# ESTJ s are not all annoying :)



## paula (Dec 15, 2010)

Hello All!

I hear that ESTJ`s are not well liked in this forum so I am hoping that I can help to change your minds!

We are not all bad 

Paula


----------



## Mr. CafeBot (Jun 13, 2009)

*Welcome to PersonalityCafe!*

*You are hearing a robotic sounding voice coming towards you*



Greetings paula and welcome to PersonalityCafe!! My name is Mr. CafeBot. I am here to personally greet you and thank you for joining our humble little forum. No matter your type, you will surely experience a wonderful time with the members of this forum. We cater to all personality types so you will never feel alone or weird. Truth is this forum is full of weirdos!! Pleazeee hel.... *Ahem*I mean we have the nicest people you will ever meet. 

If you need basic forum information our newbie guide link is here...
http://personalitycafe.com/intro/2319-friendly-guide-newbies.html


To keep the forum entertaining and safe, our forum rules link is here...
http://personalitycafe.com/announcements/540-personality-cafe-forum-rules.html


We have a facebook style chat that you can enable throughout the site... Just read on how to enable it here...
http://personalitycafe.com/support-suggestions/13046-personality-cafe-facebook-style-chat.html


If you need any help or have any suggestions, please let us know here...
http://personalitycafe.com/support-suggestions/

We will always be glad to help you!

Also don't forget to watch my music video...

http://www.youtube.com/watch?v=AGFOuSaYN1w



Again, welcome to our forum paula.
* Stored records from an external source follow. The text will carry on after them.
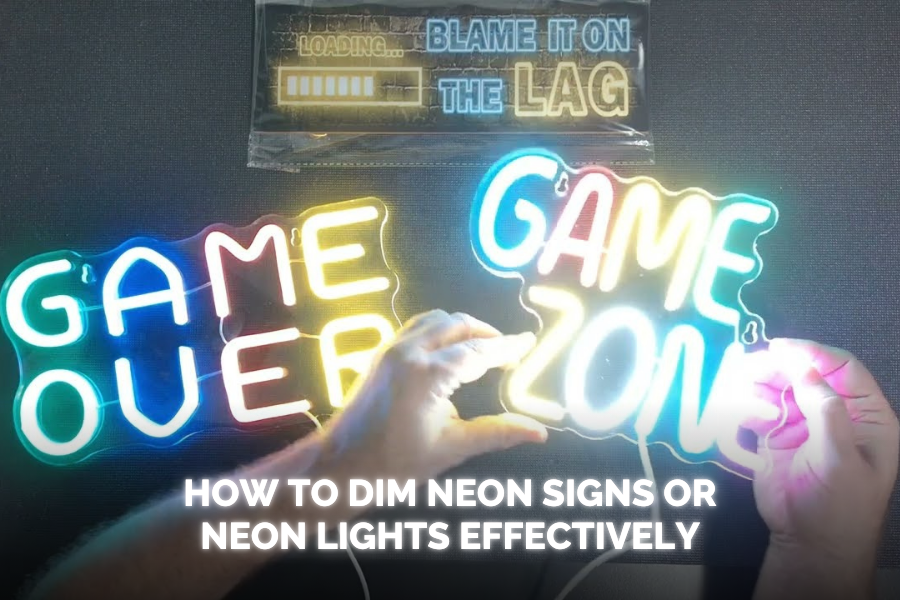 How To Dim Neon Signs or Neon Lights Effectively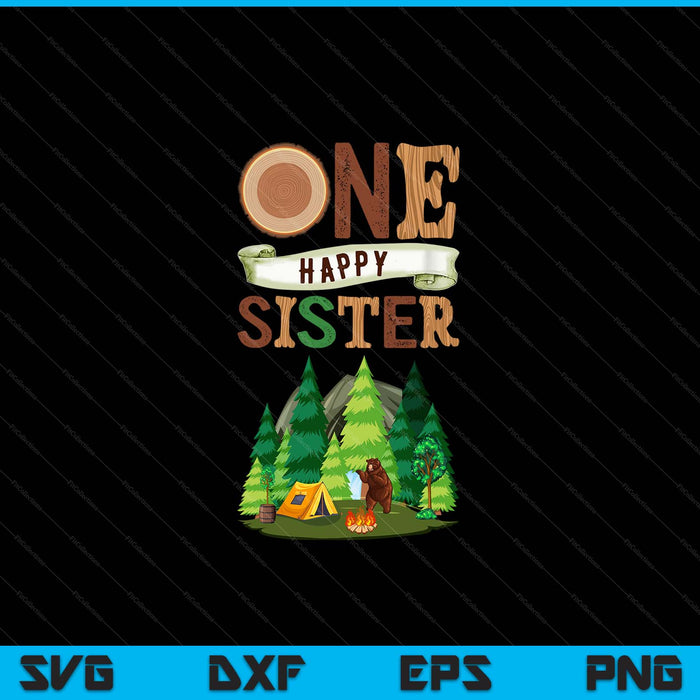 One happy sister camper first birthday camping SVG cut file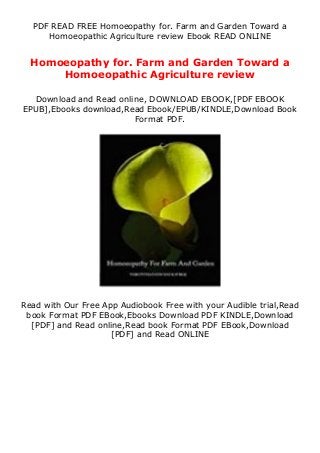 PDF READ FREE Homoeopathy for. Farm and Garden Toward a
Homoeopathic Agriculture review Ebook READ ONLINE
Homoeopathy for. Farm and Garden Toward a
Homoeopathic Agriculture review
Download and Read online, DOWNLOAD EBOOK,[PDF EBOOK
EPUB],Ebooks download,Read Ebook/EPUB/KINDLE,Download Book
Format PDF.
Read with Our Free App Audiobook Free with your Audible trial,Read
book Format PDF EBook,Ebooks Download PDF KINDLE,Download
[PDF] and Read online,Read book Format PDF EBook,Download
[PDF] and Read ONLINE
 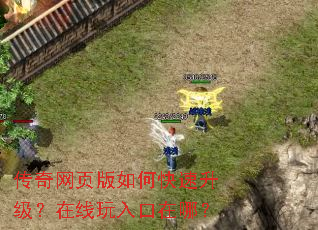 传奇网页版如何快速升级?在线玩入口在哪? 传奇网页版如何快速升级?在线玩入口在哪?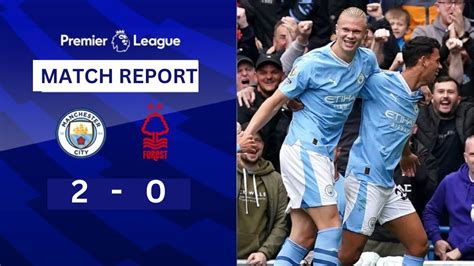 Match Report And Player Ratings Nottingham Forest 0 2 Manchester City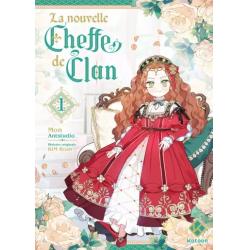 LA NOUVELLE CHEFFE DE CLAN - Tome 01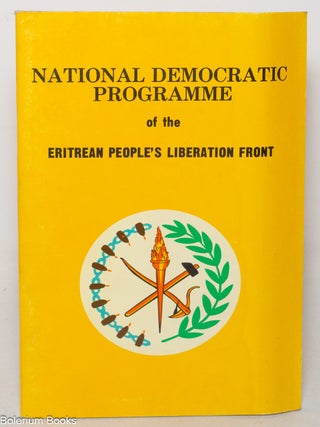 Cat.No: 80624 National Democratic Programme of the Eritrean People's Liberation Front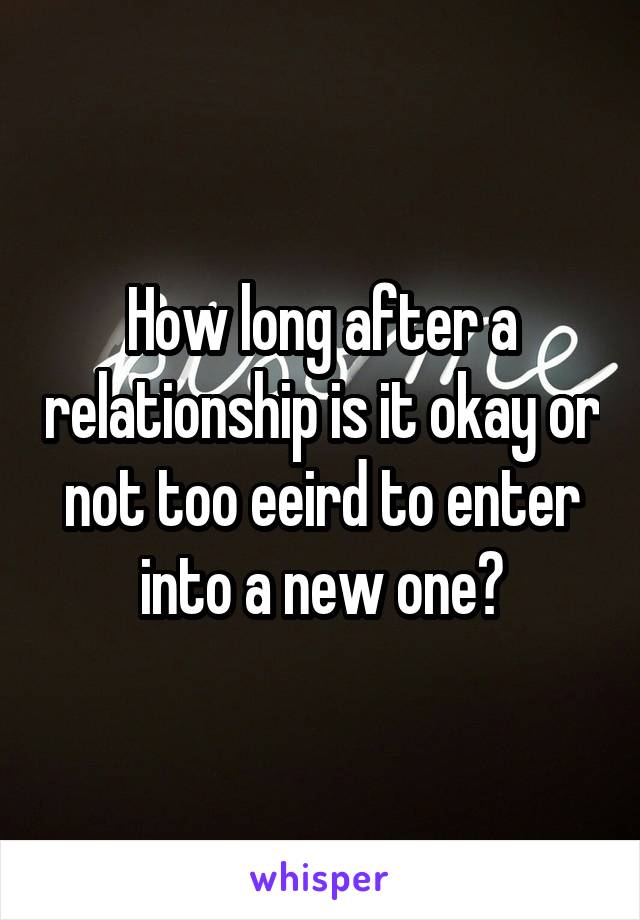 How long after a relationship is it okay or not too eeird to enter into a new one?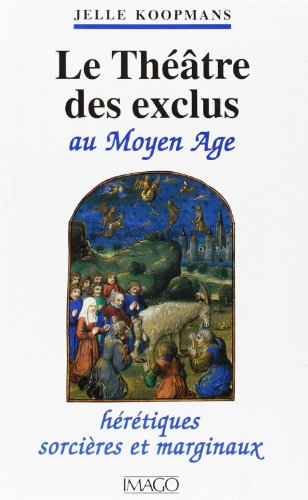 LE THEATRE DES EXCLUS AU MOYEN-AGE (9782911416040) by Koopmans, JoÃ«lle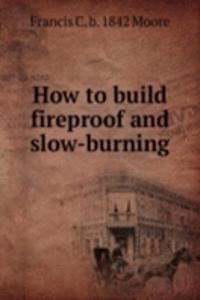 How to build fireproof and slow-burning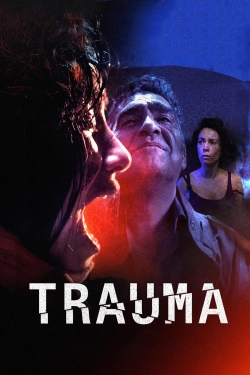 Trauma 2017 Full movie online MyFlixer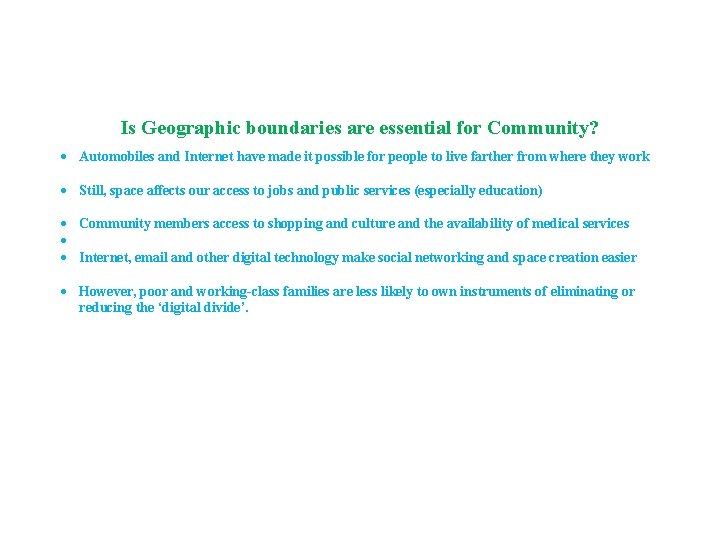 Is Geographic boundaries are essential for Community? Automobiles and Internet have made it possible Is Geographic boundaries are essential for Community? Automobiles and Internet have made it possible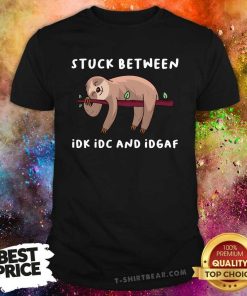Original Stuck Between Idk Idc And Idgaf Sloth Lover T-Shirt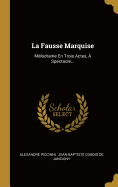 La Fausse Marquise: M?lodrame En Trois Actes, ? Spectacle...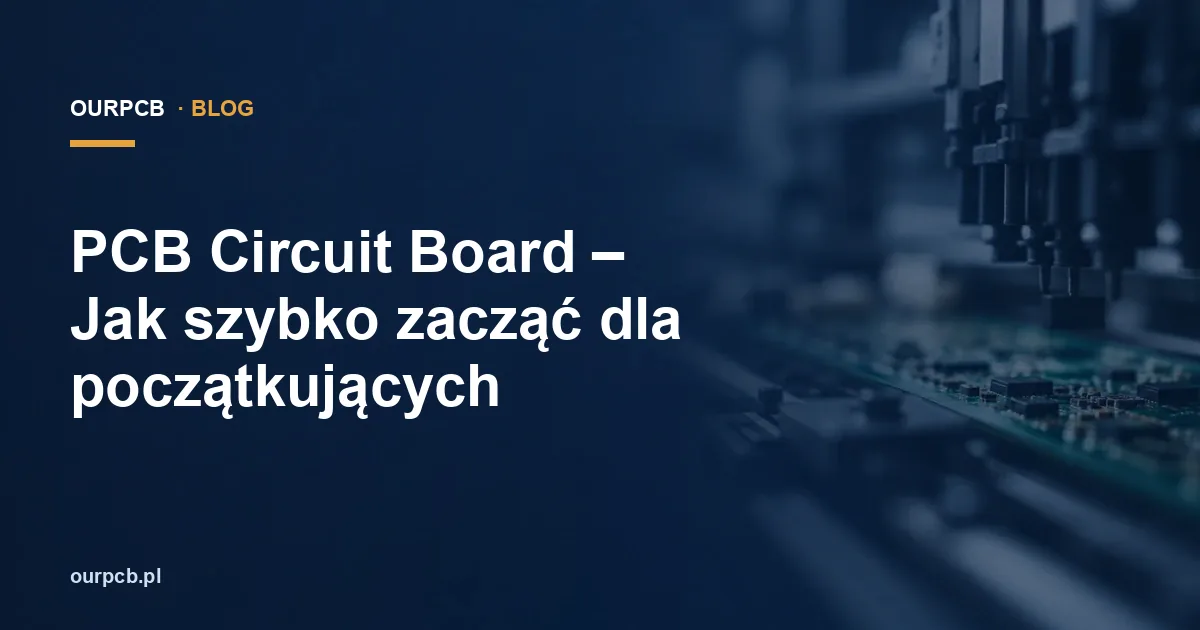 Czym jest PCB? Budowa, rodzaje i montaż płytek drukowanych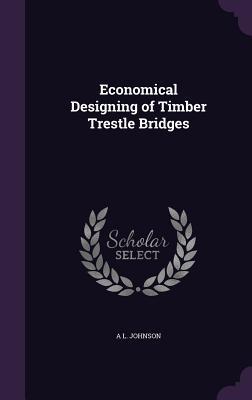 Download Economical Designing of Timber Trestle Bridges - A.L. Johnson file in PDF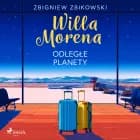 Willa Morena 7: Odległe planety af Zbigniew Zbikowski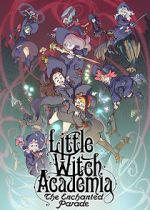 Watch Little Witch Academia: The Enchanted Parade Zumvo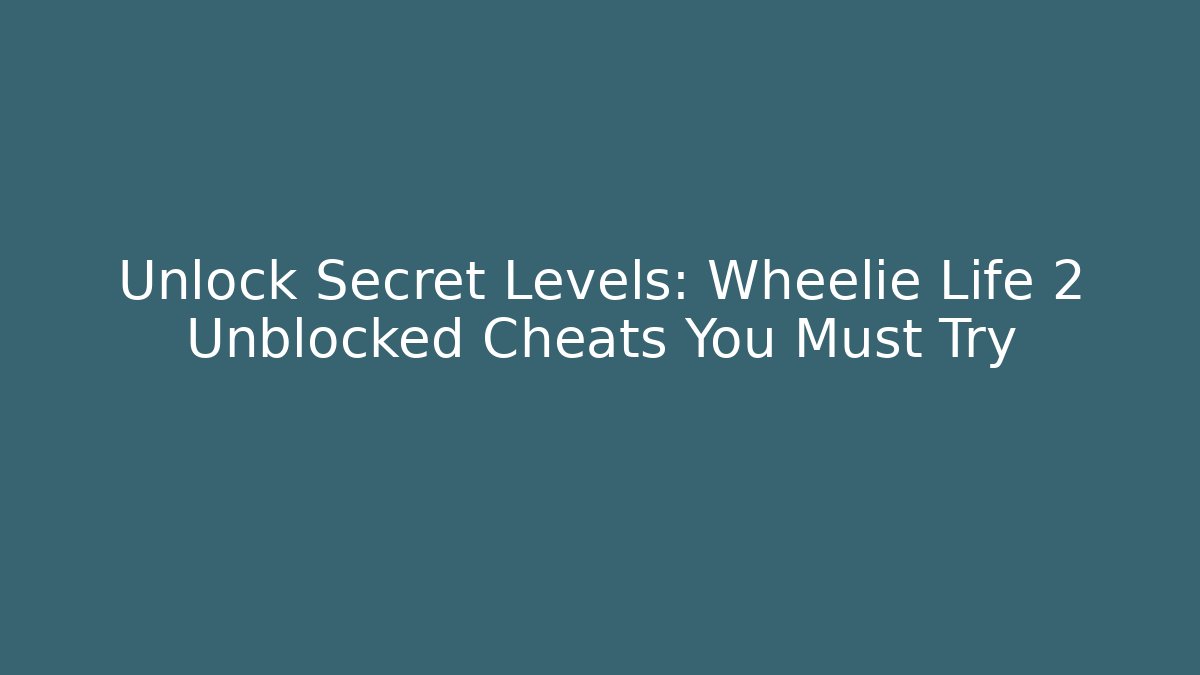 Unlock Secret Levels: Wheelie Life 2 Unblocked Cheats You Must Try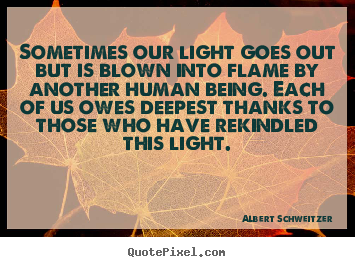 Make custom picture quotes about inspirational - Sometimes our light goes out but is blown into flame by another human..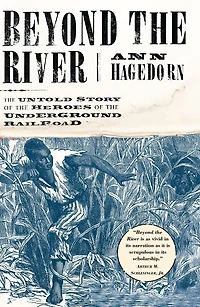 Beyond the River: Untold Story of Heroes Underground Railroad
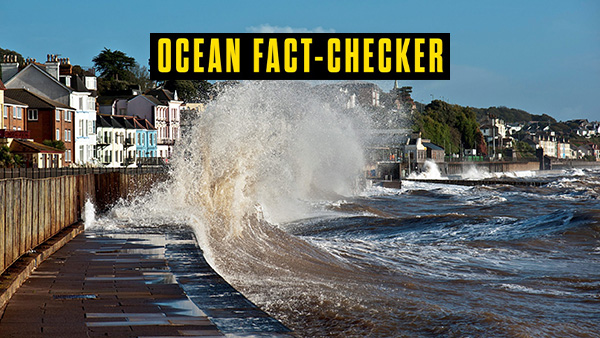 Ocean Fact-Checker: Is sea level rise exaggerated?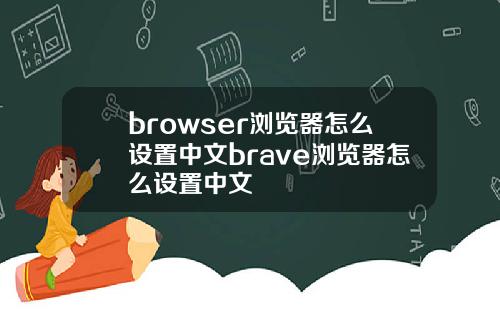 browser浏览器怎么设置中文brave浏览器怎么设置中文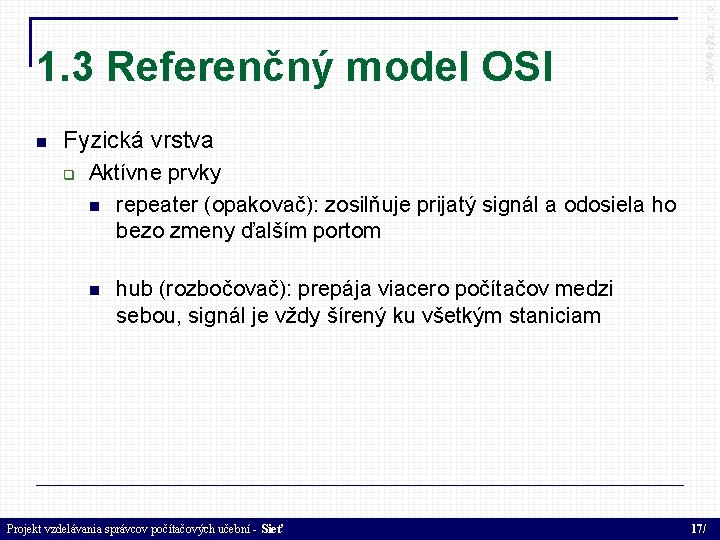  2004 © elfa, s. r. o 1. 3 Referenčný model OSI Fyzická vrstva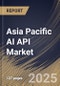 Asia Pacific AI API Market Size, Share & Trends Analysis Report By Application, By Deployment (Cloud-Based APIs, Hybrid APIs, and Edge APIs), By End Use, By Country and Growth Forecast, 2024 - 2031 - Product Image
We hope that your experience with us is tremendously benevolent!

P.S.

Please tip me 1 gold. I need to buy more coffee! @[email protected]


----------



## Esotere (Jun 25, 2010)

lol! I'm all about not being annoyed. :tongue: Welcome to PerC! :happy:


----------



## TreeBob (Oct 11, 2008)

ESTJs are quite lame :wink:


----------



## Land Shark (Sep 30, 2010)

One of my best friends is an ESTJ. He's a retired Marine drill instructor. Welcome to PerC.


----------



## BrooklynBoy (Jun 7, 2010)

Welcome to the forum!


----------



## iDane (Mar 25, 2010)

Hello there, welcome :happy:


----------



## nevermore (Oct 1, 2010)

Wilkommen!


----------



## TheWaffle (Aug 4, 2010)

Welcome! :happy:


----------



## HollywoodK8 (Dec 8, 2010)

paula said:


> Hello All!
> 
> I hear that ESTJ`s are not well liked in this forum so I am hoping that I can help to change your minds!
> 
> ...


My Daddy's an ESTJ and I love him. Plus, I'm sure that I'm just as annoying to him as he is to me when we do argue.


----------



## etherealuntouaswithin (Dec 7, 2010)

The Greatest Freind that one such as myself could ever hope to be aquainted with happens to be an unambiguous ESTJ.(Welcome to the forums! )


----------



## paula (Dec 15, 2010)

*Let the Confusion begin*

Thanks for the warm welcome! Now I am going to try and gt aquainted with this forum. I am new to forums and my annoying friend` Treebob` has insisted that I join. Just kidding Treebob! I love psychology.... although I feel like the slow kid in this class lol!

Cheers,

Let the confusion begin!


----------



## TreeBob (Oct 11, 2008)

paula said:


> Thanks for the warm welcome! Now I am going to try and gt aquainted with this forum. I am new to forums and my annoying friend` Treebob` has insisted that I join. Just kidding Treebob! I love psychology.... although I feel like the slow kid in this class lol!
> 
> Cheers,
> 
> Let the confusion begin!


Get an avatar on your profile you silly woman


----------



## Esotere (Jun 25, 2010)

paula said:


> Thanks for the warm welcome! Now I am going to try and gt aquainted with this forum. I am new to forums and my annoying friend` Treebob` has insisted that I join. Just kidding Treebob! I love psychology.... although I feel like the slow kid in this class lol!
> 
> Cheers,
> 
> Let the confusion begin!


lol No worries! I was a total lurker on the forum for months before I posted anything. At least you're jumping in. =)


----------



## EvanR (Nov 28, 2009)

I like ESTJs a lot. I made some posts about how great ESTJs are in their forum a few months back. I hope you are as energetic as the other ESTJs I have met .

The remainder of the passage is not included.